Two commercial solvent processes dominate the field. The Selexol process uses a glycol-based solvent and operates below room temperature. The Rectisol process uses methanol and runs at around negative 50°C, which demands significant refrigeration energy. Both can remove CO2 and hydrogen sulfide simultaneously, which is useful when processing coal or other sulfur-containing fuels. Newer hydrophobic solvents are being tested that perform comparably at above room temperature, which could eliminate much of that cooling cost.

Where Pre-Combustion Capture Is Used

The technology fits most naturally into integrated gasification combined cycle (IGCC) power plants, where coal, biomass, or petroleum coke is gasified rather than burned directly. The gasification step is already built into the plant’s design, so adding the water-gas shift reactor and CO2 separation equipment is a more straightforward retrofit than bolting a post-combustion system onto a conventional power station.

Blue hydrogen production is another major application. Natural gas is reformed (broken apart with heat and steam) to produce hydrogen, and the CO2 byproduct is captured and stored underground. One proposed facility in New Mexico, for example, would use this approach to fuel a retired coal plant with blue hydrogen, generating 215 megawatts of zero-carbon power while also producing hydrogen for semiconductor manufacturing, steel, and blending into natural gas pipelines. The U.S. Department of Energy estimates that current commercial pre-combustion capture technology costs around $60 per tonne of CO2 captured at an IGCC plant.

Capture Rate and Energy Cost

Pre-combustion systems routinely capture more than 90% of CO2, with some configurations reaching nearly 95%. That’s competitive with other carbon capture methods, though oxyfuel combustion (which burns fuel in pure oxygen) can approach 100% capture in ideal conditions.

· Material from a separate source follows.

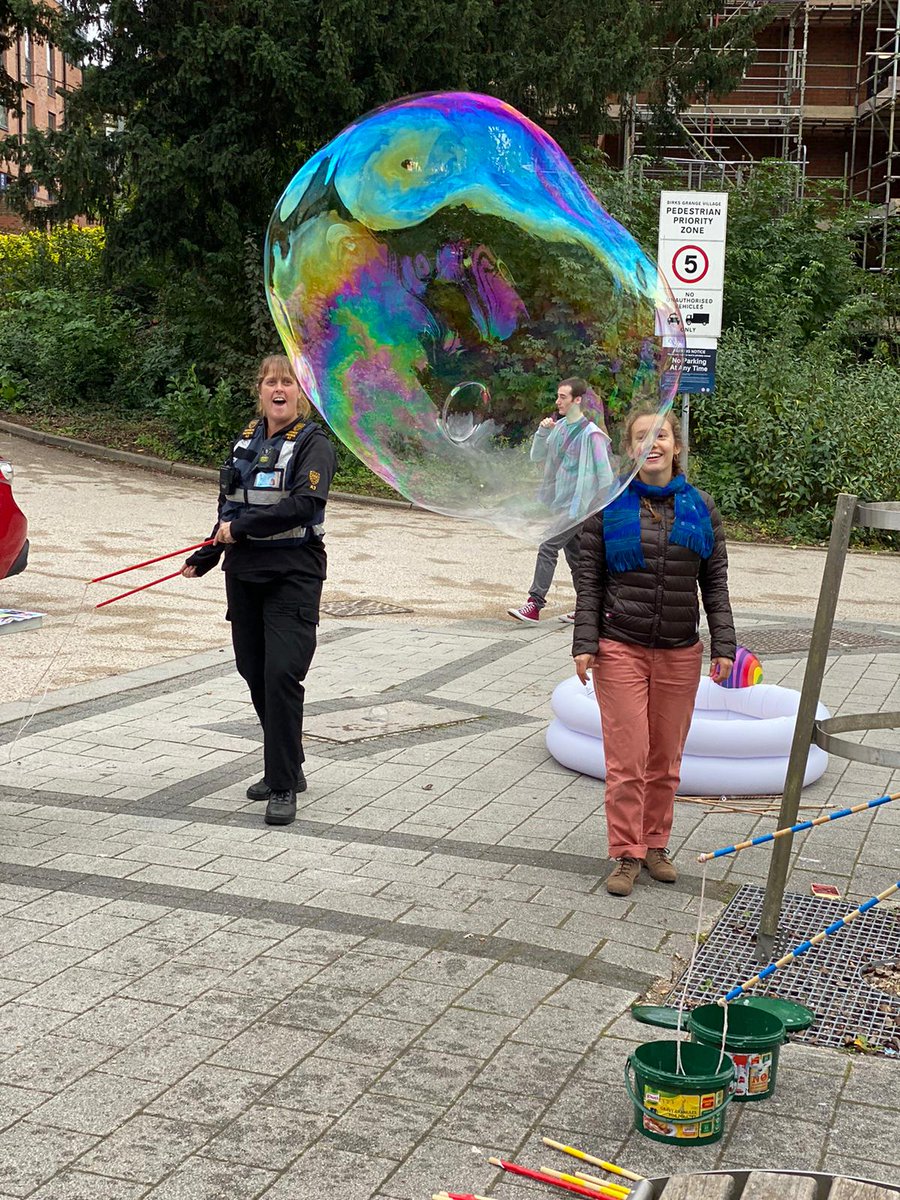 EstateExeter's tweet image. @EstateExeter Estate Patrol officer interacting with students during a day shift,#keepingsafeandsecure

The tradeoff is energy. Running the gasifier, the shift reactor, the solvent system, and the CO2 compression equipment all consume power. Carbon capture systems in general force a power plant to generate roughly 30% more electricity than it would otherwise need, just to run the capture equipment. This “parasitic energy load” is the single biggest barrier to widespread adoption, because it raises the cost of every kilowatt-hour the plant produces. For pre-combustion systems specifically, the energy penalty is somewhat lower than for post-combustion capture, because the CO2 is already concentrated and under pressure, so less work is needed to separate and compress it.

How It Compares to Other Capture Methods

Post-combustion capture works on the back end, pulling CO2 out of flue gas after fuel has been burned normally. The CO2 concentration in flue gas is low (typically 4 to 15%), so chemical solvents are needed to grab it, and regenerating those solvents takes a lot of heat. The advantage is that post-combustion systems can be added to existing power plants without changing how they burn fuel.

Oxyfuel combustion takes a different approach entirely. Fuel is burned in nearly pure oxygen instead of air, which produces exhaust that’s mostly CO2 and water vapor. Condensing out the water leaves a concentrated CO2 stream with minimal separation needed. The downside is the cost and energy of producing that pure oxygen in the first place.

Pre-combustion capture sits between the two. It requires a fundamentally different plant design (gasification instead of direct combustion), which limits retrofitting options. But the high-pressure, high-concentration CO2 stream it produces is cheaper to separate than post-combustion flue gas. It also generates hydrogen as a co-product, which adds economic value and flexibility that neither of the other approaches offers. If the goal is both clean power and hydrogen production, pre-combustion capture does both in a single integrated process.